Drinking the Investing Kool Aid

When I was in 3rd grade, my class studied the stock market. We each got to choose three different companies that we wanted to invest in and then follow them for a given length of time. We read the Wall Street Journal daily, looking up the price of our stocks and put together a line graph that displayed their continued growth (clearly, it was a much better time for the economy back then.) I enjoyed this activity so much that I continued to follow my three stocks (Kellogg’s, Hershey’s & Disney) for some time after we completed the unit in school. I didn’t really understand how the stock market worked, nor did I really care; I really just liked drawing the graphs.

We received the Wall Street Journal at school but when I was at home we only received a local New Hampshire paper and the Boston Globe. So, one day when my mom sent me in to the grocery store to pick up a few things, I decided to grab a copy of the Wall Street Journal, so I could “check up” on my stocks (yes, I was a hardcore investor at the time). I had seen my mom grab our town paper off the shelf many times and not pay for it, since they were free. I figured the same was true with the Wall Street Journal. Unfortunately, I learned this was not the case when I climbed back into the car with my “reading” for the car ride home. My mom made me run back into the store, completely humiliated and embarrassed that I stole something, and made me pay the $1.25 that I owed for the newspaper. That was the first, and last time, I ever stole anything.

My interest in the stock market has slowly declined since my inital investing days. Since Matt is a “professional financer” I decided to make an effort to better understand the work that he does by reading “The Intelligent Investor.” What a mistake that was! I got about half way through the book (twice) before I quit for something more interesting (like the Shopaholic series!)

 

As much as I would like to leave the past behind me and forget about all of this investing nonsense, it doesn’t seem like that is a real possibility unless Matt decides to change careers.
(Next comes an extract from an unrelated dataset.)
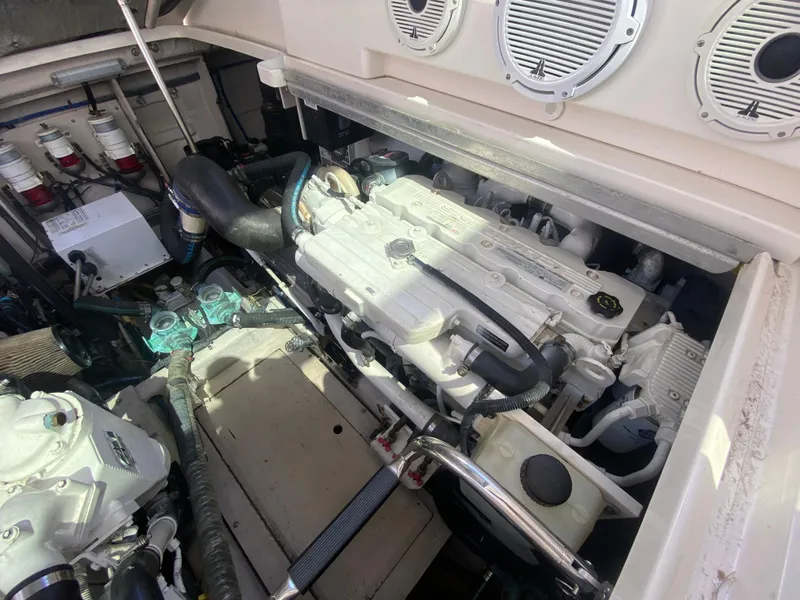 Slide: The Image of Engine compartment of a 2012 Sea Ray 450 Sundancer, showcasing mechanical components and systems. - 32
Last night, when Matt came home around 10:30, I was already in bed. He came into the room and we talked for a little about our days. I honestly love how Matt’s version of “pillow talk” is to tell me about the investments that he researched or news from the stock market. Last night, he was all fired up from the craziness that took place on Wall Street.

As per usual, I didn’t really understand what he was talking about. Basically, the take away points I got were that the stock market had a mini “crash.” Specifically, people were saying that a trader might have accidentally sold 16 billion dollars worth of stock, instead of 16 million, because he accidentally hit the wrong key (fat finger). As a result, P & G’s stock dropped over 35% in a matter of minutes, setting off a state of panic and a market free-fall. Early this morning, Nasdaq announced it will cancel all trades of stocks at prices that were 60% above or below the last price at 2:40 p.m., or immediately prior in an attempt to set things straight.

On my walk to work this morning, I was stunned when I came upon the New York Stock Exchange building. As I have blogged about before, many companies will put banners up along the building to promote their company. This was the site that I came upon this morning.

Now isn’t that ironic?

They’re Magically Delicious

Every morning on my walk to work, after my stop at Dunkin Donuts, I pass by the New York Stock Exchange (NYSE). The building itself it quite impressive, but the security that patrols the area is the real sight to see. Guards armed with machine guns, bomb sniffing dogs, and road barricades are constant reminders that we are living in a post 9-11 world. Thankfully, there are other reminders that this is a neighborhood where people live, work and go to school.

Everyday at 8:30am and 3:00pm, the streets are taken over by children streaming into and out of our building. The usual scene of men in suits is replaced by children in preppy uniforms and strollers clogging the sidewalks. Children, who are so accustomed to the site of tourists snapping photos of the historic sites in the neighborhood, they don’t even attempt to avoid being in the picture. The most impressive site, is when all 500 of our students and 100 staff members stream out of the building at the same time during our fire drills. I remember fire drills growing up, where we fled the building and lined up in rows in a field next to our playground. Here our kids walk around the corner to Starbucks. I am sure some of those 5-year-old would love in run in and grab a latte or cappuccino.

Some mornings, various companies sent up displays outside of the Stock Exchange. Sometimes they are announcing their listing debut on the NYSE or other times they are celebrating various events taking place. My favorite display was when Caterpillar set up giant machines on the street in front of the building. Walking by it, you felt like you were an ant in a sandbox with toy bulldozers and backhoes. My second favorite was the Super Bowl Half Time party that was set up Friday before the big game, by Ritz Crackers. They brought in a giant inflatable football helmet and various football themed games and of course, tasty treats. The only problem with these types of events is that they are always set up on the other side the security check point, so you can only experience them if you are a NYSE employee or badge holder. Unfortunately, I am neither. The last event worth mentioning was when a company (not sure what it was) trucked in a few cows and a bull. Not something you expect to see on Wall Street at 7:30 in the morning.

Some companies don’t set up great big displays, but rather, a simple banner is placed along the building. I still get a kick out of these which is why this is today’s “little thing.”